◆ Task description
If a line in the entries below includes "Woman", show that line.

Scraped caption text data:
★ ★ ★ ★
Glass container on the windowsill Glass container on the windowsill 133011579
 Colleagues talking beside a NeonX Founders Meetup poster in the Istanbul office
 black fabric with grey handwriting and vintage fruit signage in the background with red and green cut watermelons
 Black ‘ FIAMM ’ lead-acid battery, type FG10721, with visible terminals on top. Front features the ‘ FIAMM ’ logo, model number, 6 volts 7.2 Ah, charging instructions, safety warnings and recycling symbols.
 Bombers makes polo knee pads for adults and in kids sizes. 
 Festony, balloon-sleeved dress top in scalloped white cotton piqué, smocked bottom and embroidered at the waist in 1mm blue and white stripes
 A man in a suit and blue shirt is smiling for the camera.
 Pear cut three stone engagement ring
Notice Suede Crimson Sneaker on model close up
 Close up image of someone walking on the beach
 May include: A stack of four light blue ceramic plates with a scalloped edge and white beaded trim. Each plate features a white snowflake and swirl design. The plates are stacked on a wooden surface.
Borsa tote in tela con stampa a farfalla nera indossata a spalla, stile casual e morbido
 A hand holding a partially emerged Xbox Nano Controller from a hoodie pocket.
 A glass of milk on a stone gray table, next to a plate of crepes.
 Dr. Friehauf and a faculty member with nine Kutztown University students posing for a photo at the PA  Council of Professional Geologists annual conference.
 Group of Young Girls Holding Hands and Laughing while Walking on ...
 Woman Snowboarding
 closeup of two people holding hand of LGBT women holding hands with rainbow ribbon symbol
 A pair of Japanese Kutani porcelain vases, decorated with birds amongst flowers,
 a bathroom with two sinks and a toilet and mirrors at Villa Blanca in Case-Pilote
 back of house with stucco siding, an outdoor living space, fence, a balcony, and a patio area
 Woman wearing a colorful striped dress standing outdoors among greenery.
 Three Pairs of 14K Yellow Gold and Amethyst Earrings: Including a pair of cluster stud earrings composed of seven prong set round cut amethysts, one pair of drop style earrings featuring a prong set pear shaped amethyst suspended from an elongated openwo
★ ★ ★ ★
◆ Answer
 Woman Snowboarding
 Woman wearing a colorful striped dress standing outdoors among greenery.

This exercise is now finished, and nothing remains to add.